BC volta a cortar juro em 0,5 ponto e é criticado por falta de ousadia

Comitê de Política Monetária baixa juro a 11% e prossegue em estratégia do governo Dilma contra crise econômica global. Tamanho da queda era esperado pelo 'mercado' mas, para industriais e sindicalistas, Banco Central repete conservadorismo com corte 'tímido'. Redução anula ciclo de alta com Dilma e devolve taxa a patamar deixado por Lula. Juro real vai a 5,5%.

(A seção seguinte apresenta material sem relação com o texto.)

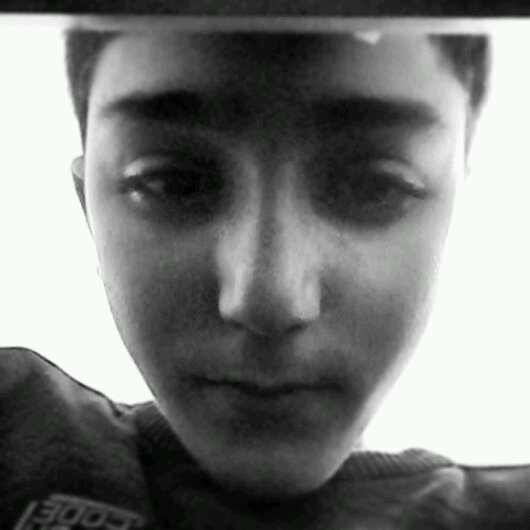 wssa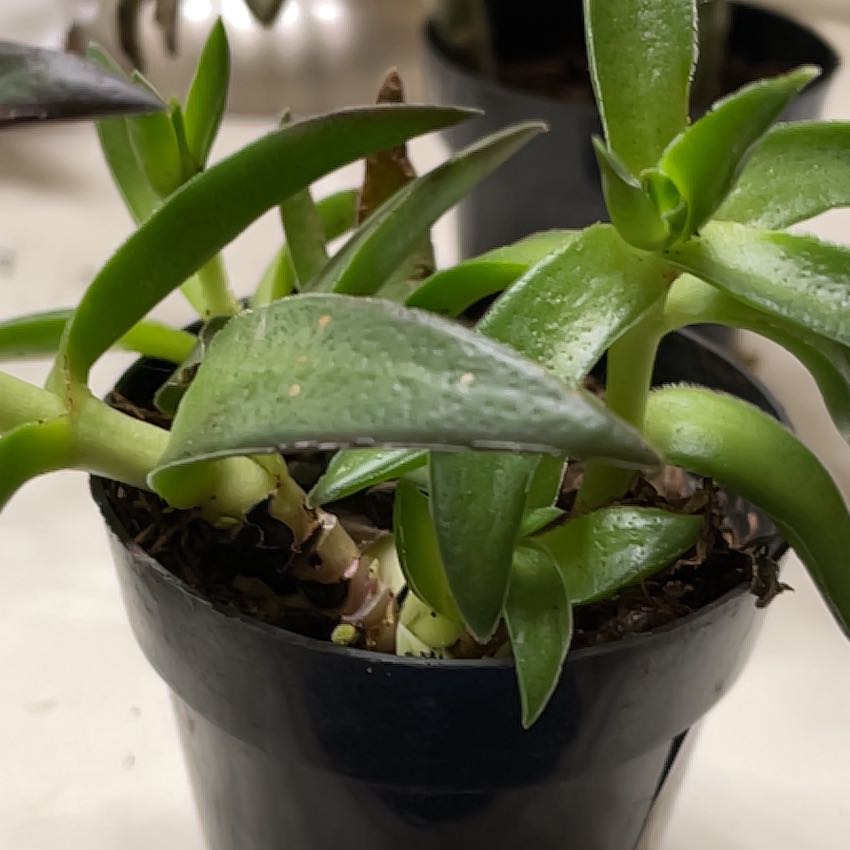 Photo of the plant species Crassula corymbulosa 'Red Pagoda' by @FunBulbrugosum named Maya on Greg, the plant care app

BRASÍLIA – O Banco Central (BC) decidiu nesta quarta-feira (30), pela terceira vez seguida, cortar em meio ponto a taxa de juros que proporciona lucro a um terço dos detentores de títulos públicos, fixando-a em 11%. A queda, no tamanho esperado pelo “mercado”, foi considerada tímida por industriais e centrais sindicais, que cobram reduções maiores para que a economia real brasileira enfrente em condições melhores a crise global. 

A frustração com o Comitê de Política Monetária (Copom) do BC, que já tinha sido expressa depois da decisão anterior, tomada em outubro, foi divulgada em notas oficiais coletivas, o que não é usual em se tratando das entidades em questão.

Uma delas é assinada pelos presidentes do sindicato dos metalúrgicos de São Paulo, Miguel Eduardo Torres, e do ABC paulista, Sérgio Nobre, e pelos presidentes da Federação das Indústrias do Estado de São Paulo (Fiesp), Paulo Skaf, e da Associação Brasileira da Indústria de Máquinas e Equipamentos (Abimaq), Luiz Aubert Neto.

“A situação é grave e não há pressão inflacionária, e concordamos que o Copom deveria ter feito um corte mais agressivo na taxa de juros, para afastar de vez o risco de redução da produção e do emprego”, diz o grupo.

A outra nota é de autoria dos presidentes de cinco, das seis centrais sindicais do país: Paulo Pereira da Silva, da Força Sindical; Ricardo Patah, da União Geral dos Trabalhadores (UGT); Wagner Gomes, da Central de Trabalhadores do Brasil (CTB); José Calixto, da Nova Central Sindical de Trabalhadores (NCST); e Ubiraci Dantas, da Central Geral dos Trabalhadores do Brasil (CGTB).

“Entendemos que o Banco Central perdeu uma ótima oportunidade de aproveitar-se do encolhimento da demanda mundial para fazer uma drástica redução na taxa de juros, que poderia funcionar como um estímulo para a criação de novos empregos e para o aumento da produção no País”, afirmam os sindicalistas.

Em entrevista recente à Carta Maior, o presidente do Instituto de Pesquisa Econômica Aplicada (Ipea), Marcio Pochmann, também havia defendido que o BC deveria intensificar o corte de juro, por conta da crise mundial, que estaria pior do que o imaginado antes.

Apesar das críticas, a opção do BC até agora tem sido de “moderação” na calibragem do juro, como repetiu no comunicado em que divulgou a decisão. “O Copom entende que, ao tempestivamente mitigar os efeitos vindos de um ambiente global mais restritivo, um ajuste moderado no nível da taxa básica é consistente com o cenário de convergência da inflação para a meta em 2012”, diz.

Com essa decisão, o BC do governo Dilma termina seu primeiro ano praticamente zerando o ciclo de alta de juros iniciado em janeiro e devolvendo a taxa ao patamar que herdara da gestão Lula. Em janeiro, a taxa era de 10,75%. Para conter a inflação, foi elevada cinco vezes consecutivas, até chegar a 12,5%, em julho.

Com a decisão de agora, o juro real brasileiro, ou seja, o lucro de que compra título público quando se desconta, está em cerca de 5,5%. A taxa é calculada a partir da inflação prevista pelo “mercado” para os próximos 12 meses. Segundo pesquisa semanal do BC com o “mercado”, a previsão hoje é de uma alta de 5,5%. O juro real de hoje é o menor em um década.